L'actualité du livre
Bande dessinéeet Humour  

La fille du professeur
de Joann Sfar et Emmanuel Guibert
Dupuis - Expresso 2003 /  9.50 €- 62.23  ffr. / 64 pages
ISBN : 2-8001-3454-2
FORMAT : 21 x 30 cm

Thé, petits gâteaux et bandelettes

Le postulat de départ est complètement absurde : c'est l'histoire d'amour entre miss Liliane, la fille du professeur Powell, et Imhotep IV, le prince d'une Egypte disparue il y a trente siècles, accessoirement momifié et promis à finir ses jours éternels sous vitrine au British Museum. L'improbable relation fait évidemment le mécontentement du professeur et du propre père d'Imhotep, lui aussi miraculeusement revenu du fond des âges antiques. Les deux mignons amants seront confrontés à une suite de péripéties loufoques avant de pouvoir finalement se retrouver sous le même bonheur londonien.

Lorsque sort La fille du professeur en octobre 1997, les deux inconnus que sont encore Joann Sfar et Emmanuel Guibert ne se doutent pas qu'une réédition six ans plus tard viendrait fêter ce curieux album que personne n'attendait. Le bouche-à-oreille, suivi d'un prix René Goscinny (dont le fantôme hante de nombreuses pages de cet opus) et d'un Alph-Art Coup de Coeur à Angoulême célèbreront à sa juste valeur cette oeuvre remarquable, déjà devenue aujourd'hui un classique. Sfar et Guibert continueront dès lors leur route avec le succès que l'on sait, et l'assurance d'avoir en poche une carte de visite plus que respectable.

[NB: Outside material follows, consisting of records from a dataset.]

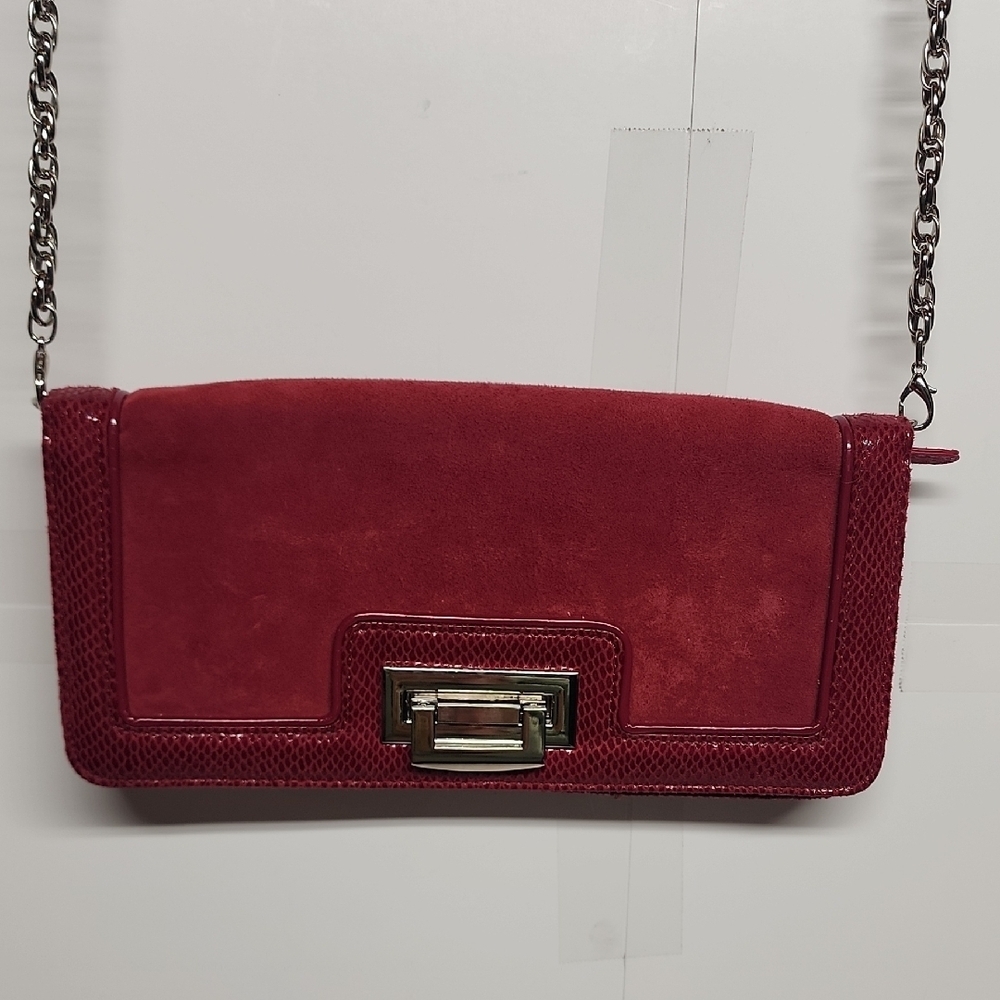 White House Black Market Elegant Red Suede/leather Crossbody Clutch. Minimalist - Picture 1 of 10
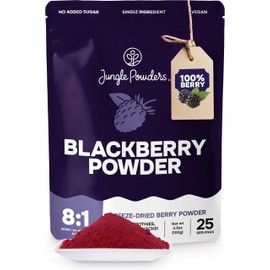 Jungle Powders BlackBerry Powder 3.5 Ounce Bag Freeze Dried Blackberries Fruit Additive Free Unsweetened Smoothie Superfood Nordic Wild BlackBerry Extract for Baking Flavoring Dry Black Berry Powder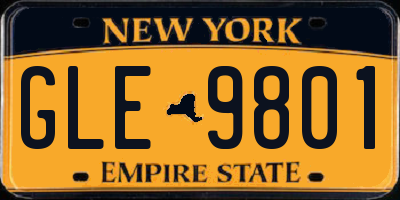 NY license plate GLE9801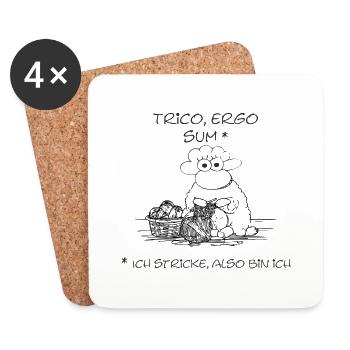 Trico ergo sum - Sheep motif for handicraft fans - Coasters (set of 4) - white - Front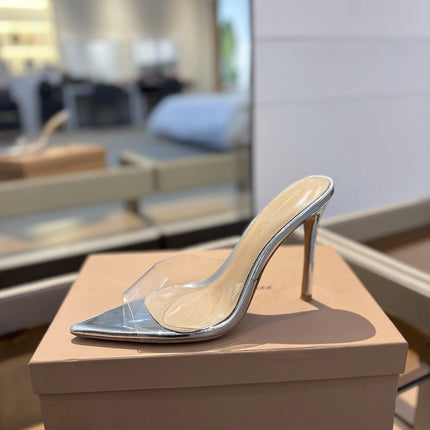 GIANVITO ROSSI 26S HEELED SANDALS 105 MM IN SILVER CALFSKIN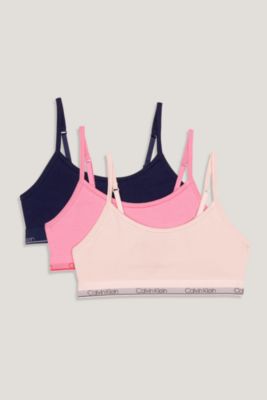 Logo Band Unlined 3-Pack Bralette, Coral Multi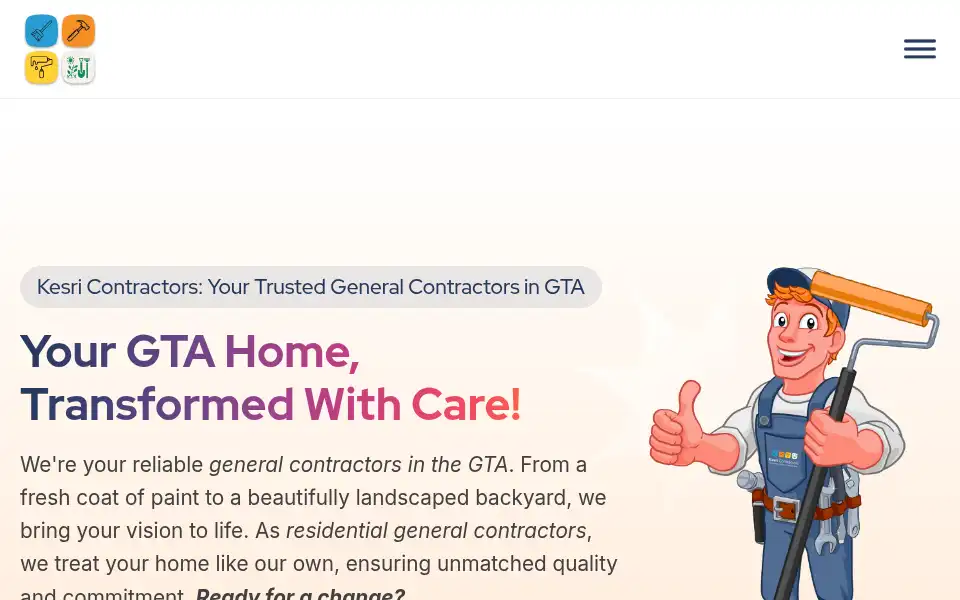 Screenshot of kesricontractors.com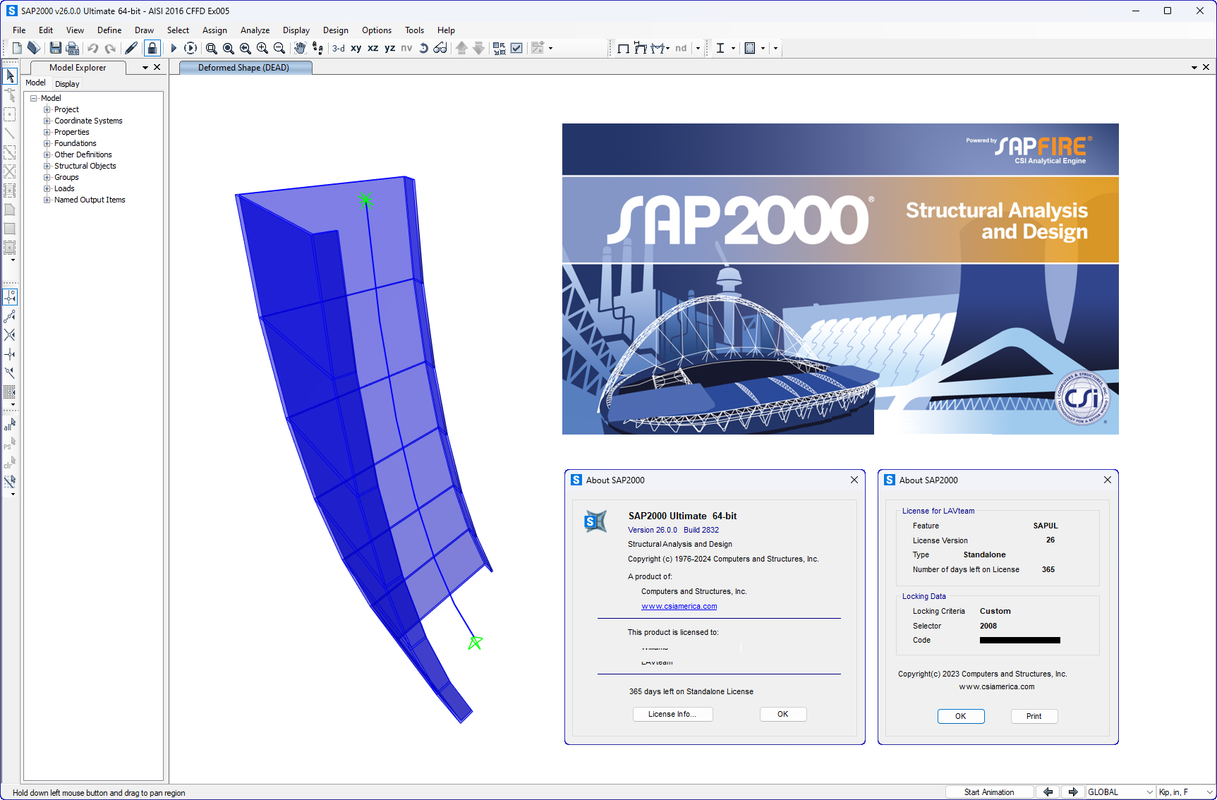 Working with CSI SAP2000 26.0.0 build 2832 full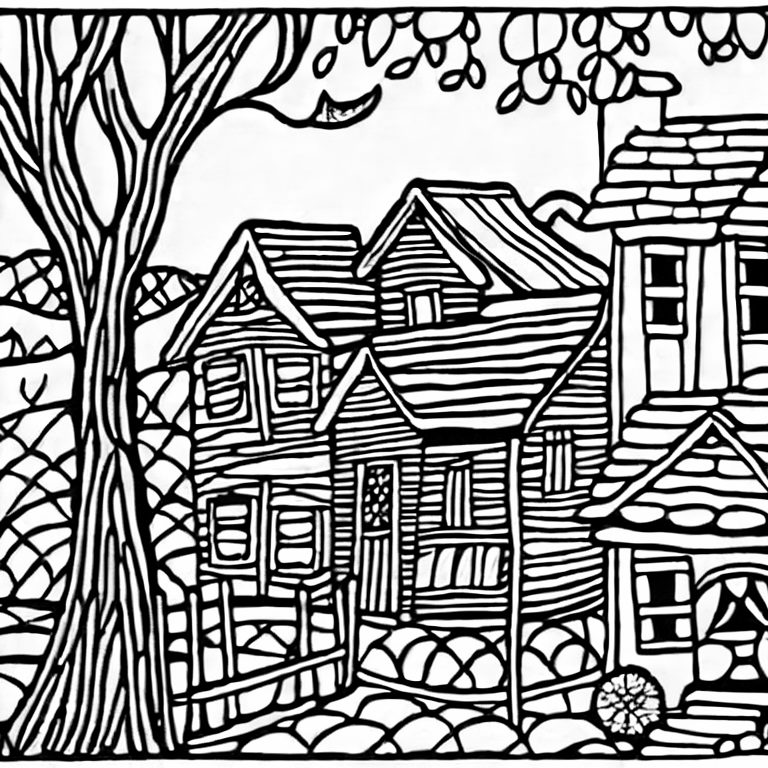 Coloring page of village view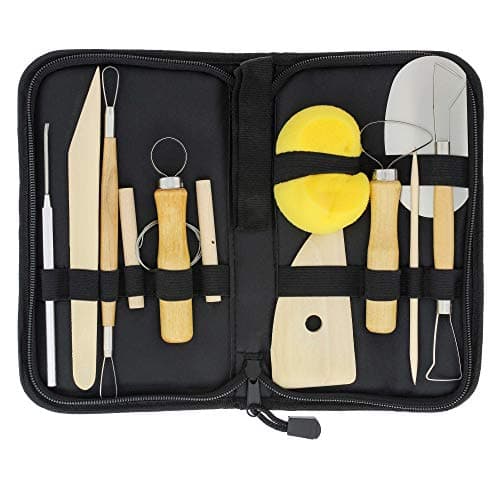 US Art Supply Pottery Clay Tools Set 12Piece Includes Pottery Tools Canvas Case for Sculpting Ceramics and Easy Storage Transport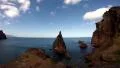Madeira rough rocky coast and cliffs panning shot HD Footage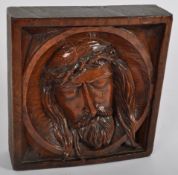 20TH CENTURY CARVED WOODEN FACE OF CHRIST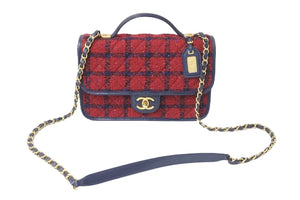 CHANEL シャネル ショルダーバッグ スモール トップハンドル フラップバッグ ツイード AS3653 B0945 NK305 美品 中古 59323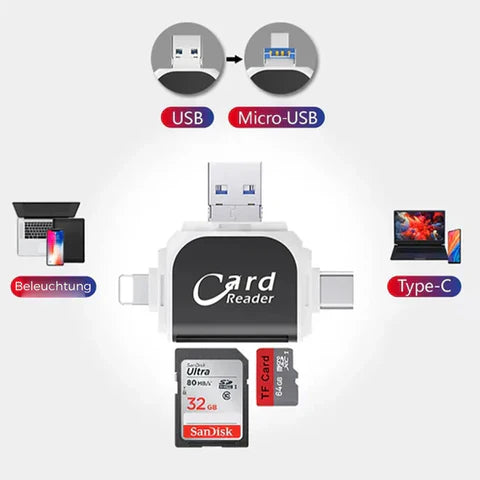 Multiplexor 4-in-1 Universal SD/TF Card Reader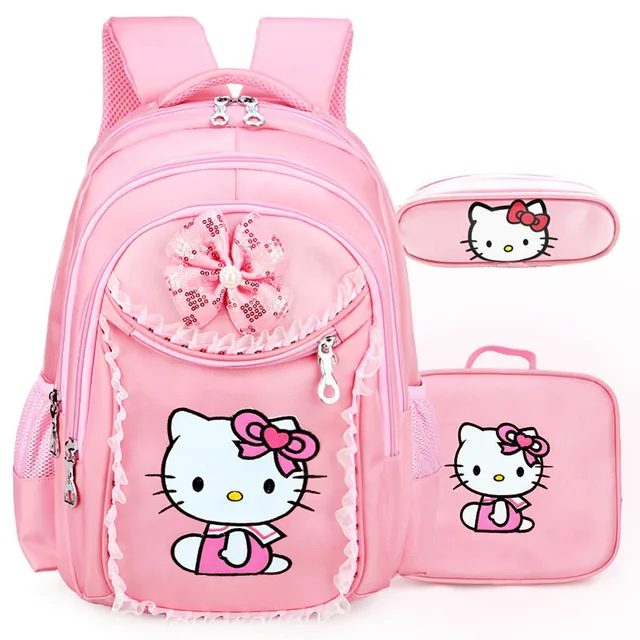 FZMBAI Hello Kitty School Backpacks for Girls Kids Satchel Children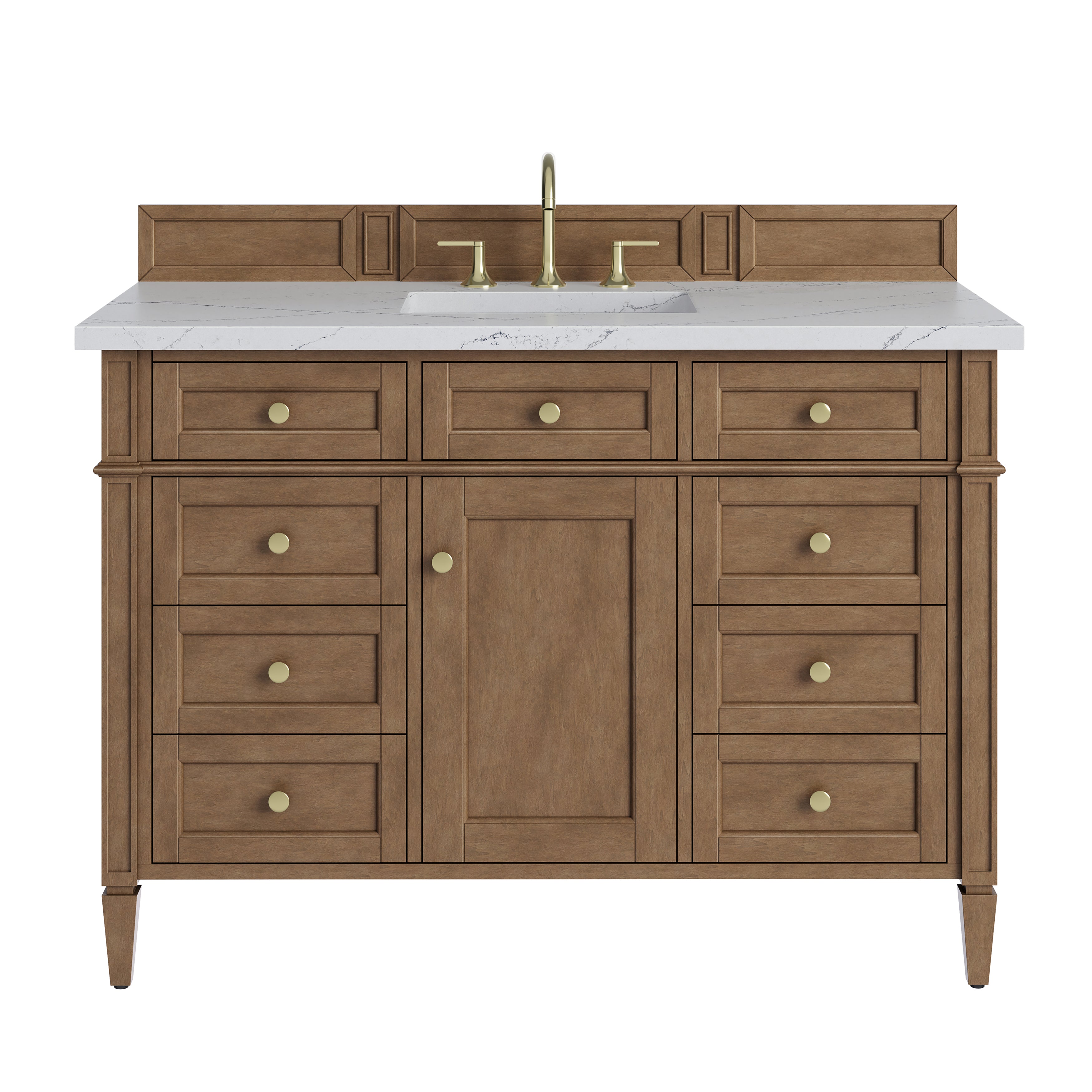 James Martin Brittany 48" Single Vanity in Pecan with 3cm Countertop and FreePower Wireless Charger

Et pourtant, rien n'était gagné à l'époque tant l'histoire imaginée par les deux auteurs reste farfelue sur le papier. Entre histoire d'amour, fable loufoque et récit d'aventure, l'album oscille d'une page à l'autre. L'écriture libérée d'un certain carcan scénaristique retrouve les joies de l'improvisation. L'esprit du feuilleton est perpétuellement présent dans La fille du professeur. Ainsi, la narration semble parfois se tromper de voie pour mieux se rattraper à la planche suivante, tel ce curieux voyage en Egypte annoncé et attendu qui ne viendra finalement jamais.

Mais cette ébauche d'écriture automatique est efficacement contrebalancée par un découpage strict qui serait comme l'¹indispensable barrière à l'imagination débordante de Sfar. Ainsi, à quatre petites exceptions près, chaque planche se compose de six case disposées régulièrement. Pas de mise en scène tape à l'oeil ni de vignettes qui se chevauchent ou se déforment. C'est le moyen le plus épuré qui soit, le plus noble aussi sans doute, pour raconter une histoire en bande dessinée. Et ce sont cette apparente simplicité et cette façon d'emporter son lecteur avec une belle désinvolture, qui font tout le charme de cet album incomparable.

Chaque vignette est une ravissante miniature fignolée par le pinceau de Guibert. Les teintes choisies avec soin et le sens évident du geste et des expressions, obligent le lecteur à s'arrêter et revenir sur certaines cases particulièrement réussies.

Truffé de dialogues succulents et de situations rocambolesques où même la Reine d'Angleterre finira dans la Tamise, La fille du professeur fait partie de ces albums rares et précieux, au charme immédiat et dont la lecture est un moment douillet et privilégié.